--- Provided records ---
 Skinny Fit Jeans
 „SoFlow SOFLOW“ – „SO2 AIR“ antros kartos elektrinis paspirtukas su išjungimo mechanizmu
---
--- Provided records ---
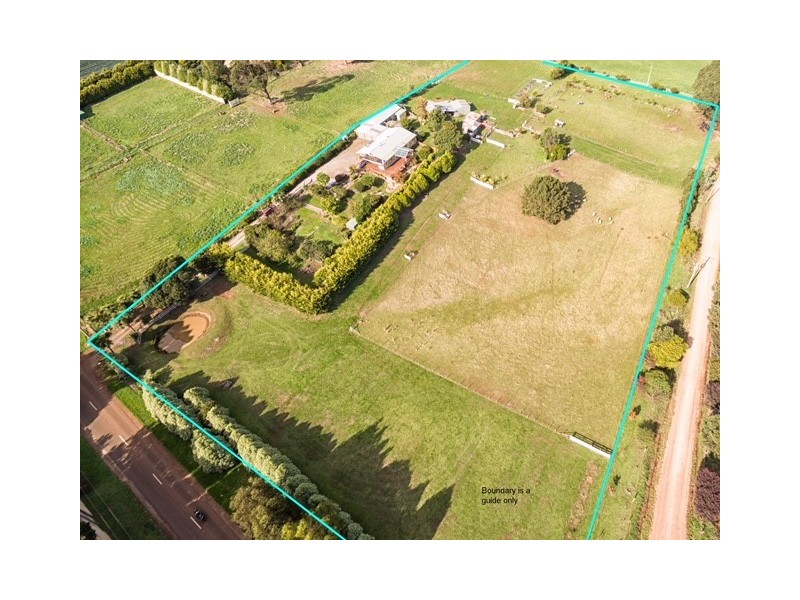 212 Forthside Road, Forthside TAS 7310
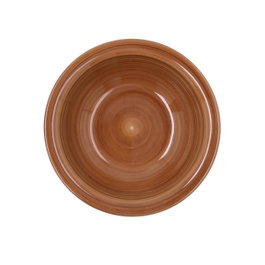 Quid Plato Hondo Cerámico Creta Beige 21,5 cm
---
--- Provided records ---
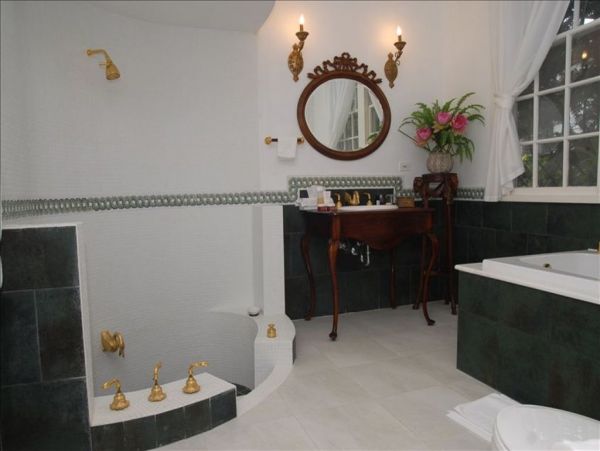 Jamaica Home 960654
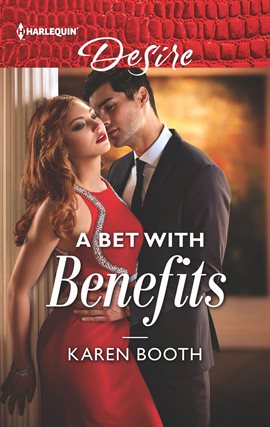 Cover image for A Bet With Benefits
---
**About this task**: Above are the records. Copy the lines beginning at the one that has "Skinny Fit Jeans" and ending with the one that has "su išjungimo mechanizmu", unchanged.

**The completed task**:
 Skinny Fit Jeans
 „SoFlow SOFLOW“ – „SO2 AIR“ antros kartos elektrinis paspirtukas su išjungimo mechanizmu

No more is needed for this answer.